* _Try it_: An exact reproduction is needed of every line from the beginning of the data down to and including the line that contains "Hey guys, it's", minus the pictures.

* _Provided data_:
● ● ●

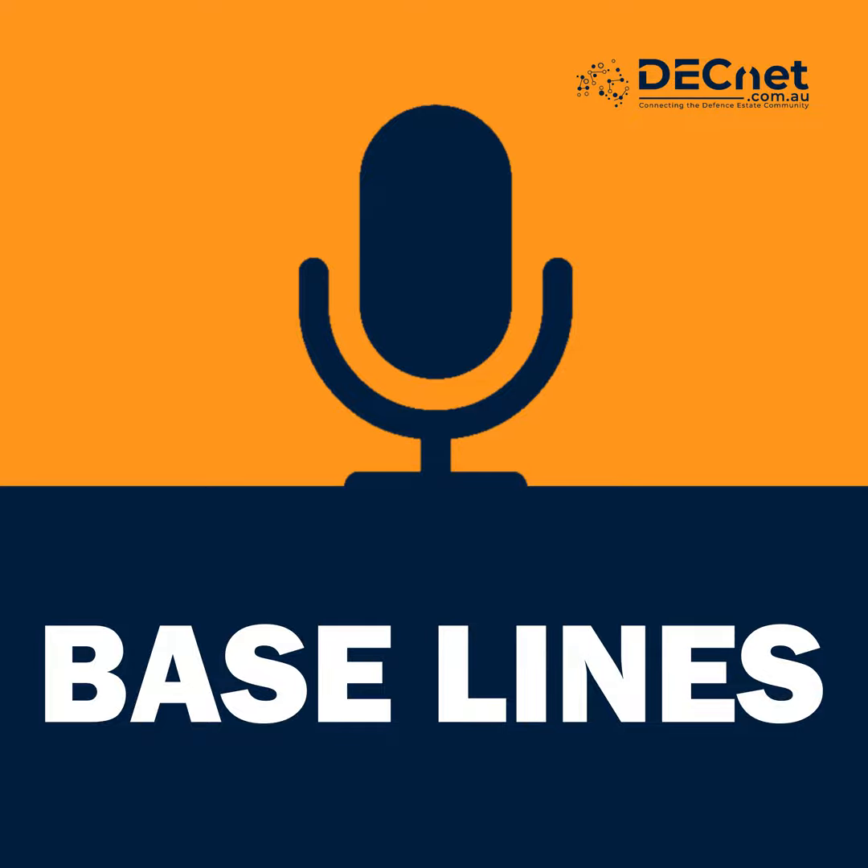Hello and welcome to Baselines, the podcast that discusses Australia's defence bases and the projects shaping them. I'm your host, Darian Macy.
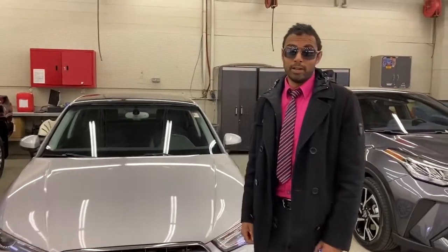Hey guys, it's Will here from Mayfield Toyota. I'm coming to you from inside our detail bay because it's a little rainy out, but I wanted to show you one of my favorite vehicles on our lot.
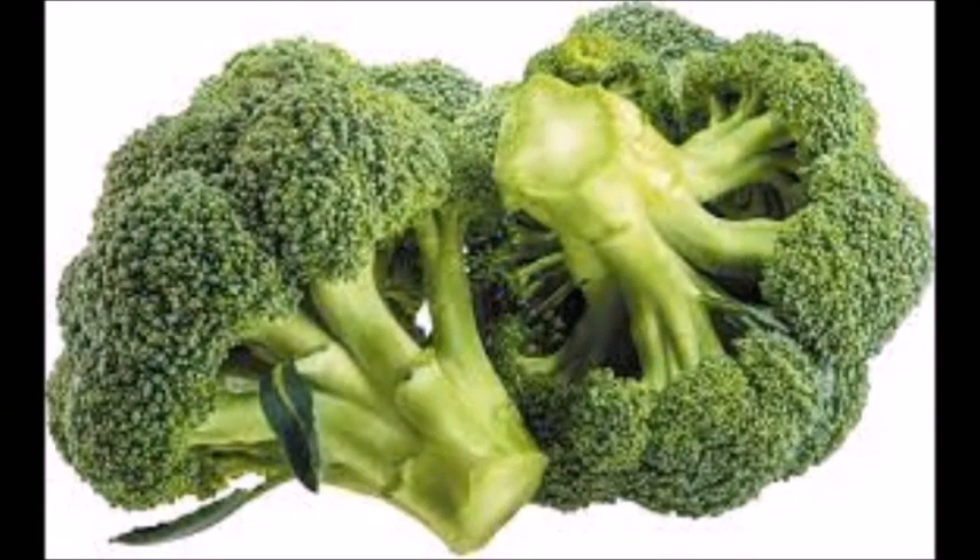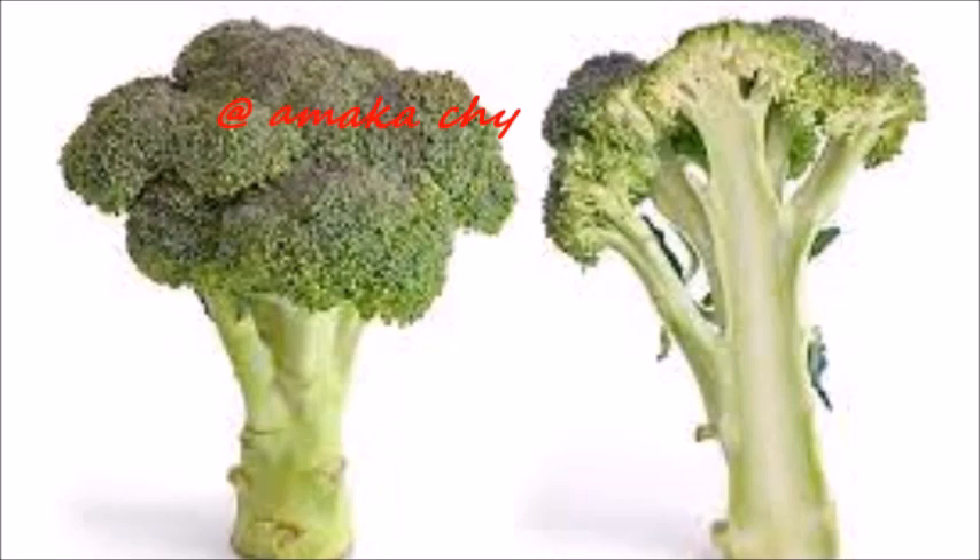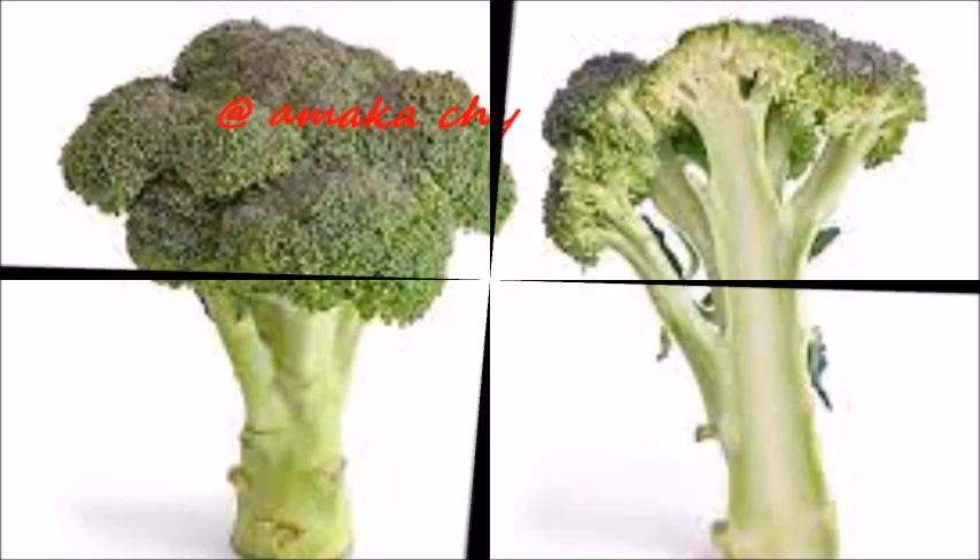Hello, today I'm going to show you four vegetables that will make you look younger. Before then, if you've not subscribed to my channel, click on the red button and the bell button very close to it. It will enable you to get all my videos whenever a new video is uploaded. Thank you.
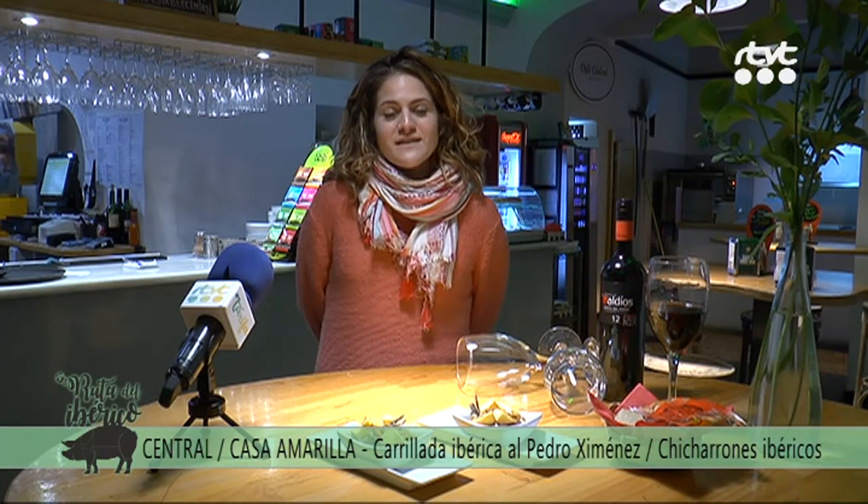Hola, soy Nuria del Café Central y de la Casa Amarilla. Este año participamos en la Ruta del Ibérico con dos propuestas. En el Café Central, la propuesta sería Carrillada Ibérica al Pedro Jiménez. Y en la Casa Amarilla, Chicharrones Ibéricos. Esperamos que se animen a participar en la Ruta del Ibérico de este año, que la disfruten y aquí los esperamos encantados.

● ● ●

* _Response to this exercise_:
Hello and welcome to Baselines, the podcast that discusses Australia's defence bases and the projects shaping them. I'm your host, Darian Macy.
Hey guys, it's Will here from Mayfield Toyota. I'm coming to you from inside our detail bay because it's a little rainy out, but I wanted to show you one of my favorite vehicles on our lot.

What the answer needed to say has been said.